First, we visited Bonaventure Cemetary, which is out on the Savannah River. We actually passed it on the river when we were out in Nonchalance. There were lots of old graves with markers dating from the 1830 and 1840s when the downtown colonial cemetary filled up and "new arrivals" had to come here. Some of the memorial stones carried very poinient sentiments and some sones were carved beautifully and artfully.
There also was a veteran's section with many WWI, WW2, and some Korea and Vietnam era veterans. I found this little sign to be a bit out of charactor with the feeling, but I guess there's always room for a little marketing message.Savannah's downtown riverfront area is very old and quite interesting, the only problem being that this is high tourist season and there's a constant traffic jam and no parking available. Of course, cotton was king in the early days, like 1800 to 1860. This is the Cotton Exchange where cotton bales were bought and sold before being loaded onto sailing ships bound for Europe and the northern states.
This is the charthouse, now a restaurant on the riverfront. The cobblestone streets here and some of the buildings were made from the ballast stones carried here in sailing ships that needed extra weight to sail here empty to pick up cotton.

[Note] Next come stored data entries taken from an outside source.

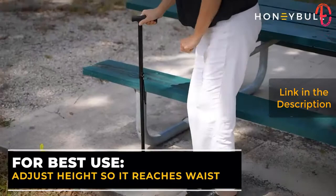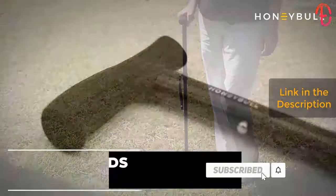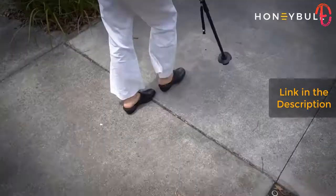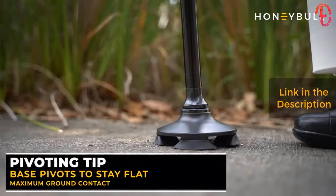For optimal use, adjust the height of the cane so that it reaches your waist or right at your belt line. The cane should be around half your height and will help provide the most support. The cane is adjustable from 30 to 37 inches, perfect for people who are five to six and a half feet tall.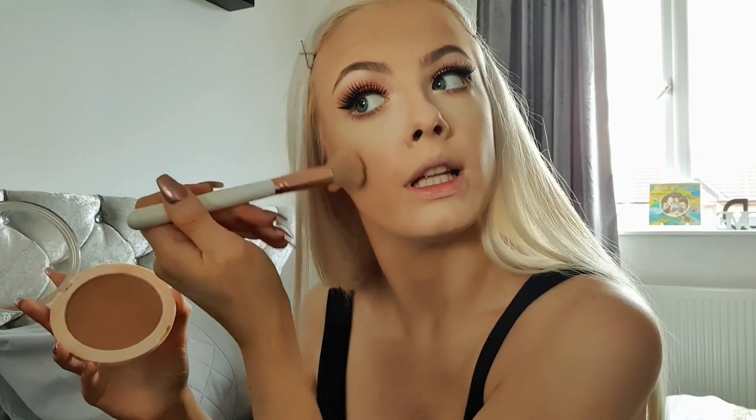Now let's move on to bronzer. This is the Makeup Revolution Mega Bronzer in the shade Cool. I'm going to take my brush and just dab it in because it's very, very pigmented, so you want to be careful. I'm applying it to my cheeks first, blending it upwards. My husband just came over looking at me as if to say, what am I doing?!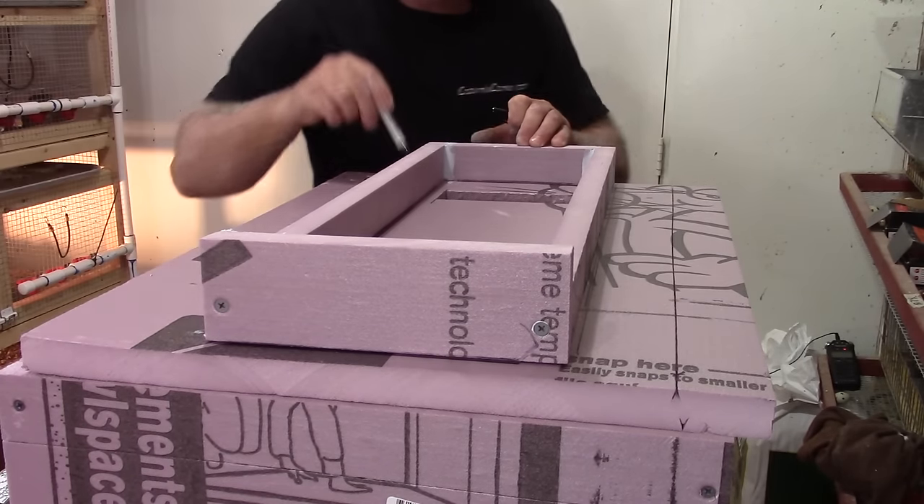Now that everything is wired up, we can program the temperature controller. Since we don't have a door on yet, I stuck the sensor probe inside the heating element enclosure where the two light bulbs are. I plugged it into a power source and the light bulbs turned on because the sensor probe fell out into the bottom of the incubator. I stuck it back in the housing and the temperature started climbing. It'll get up to 99 degrees and shut off — that's what I have it set at.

All along the riverfront, there's a nice mixture of tourist shops, restaurants and downtown businesses.
All along the riverfront, there's a nice mixture of tourist shops, restaurants and downtown businesses.
Some of the really big ships sail right past downtown on their way to the Class A seaport. Larry thought this might be a natural gas transport ship.
After lunch, we visited the Central Market which was a few blocks of street with pedestrian traffic only, lined with mostly art shops and art studios, mixed in with a few fudge shops and t-Shrit shops plus the horse drawn carriage tours. The horses were very tolerant of tourist's kids patting them on the forehead. I liked the shop that had many carved wood birds, including this American Bittern, doing it's bitern thing, looking like a vertical stand of reeds.
In the afternoon, we visited the downtown colonial cemetary (the one that filled up about 1840). It had the graves of some famous colonial and revolutionary Americans like Button Gwinnett, signer of the Declaration of Independence, Archibald Bulloch a staunch revolutionary supporter and member of the 1775 Continental Congress where he won John Adam's praise. He was also Teddy Roosevelt's great, great, grandfather.
This is the grave of 3 Habersham brothers that all served as officers in the Revolutionary War - Joseph, John and James. John Habersham was also a member of the Continental Congress, Collector of the Port of Savannah and firts trustee of the University of Georgia.
This evening, we dropped off Julie and Larry at the airport for their return to Houston. They rented their car for a week and were here 6 days so they gave us the car for the 7th day, which really comes in handy. It was nice to have them as fun guests on the boat with us.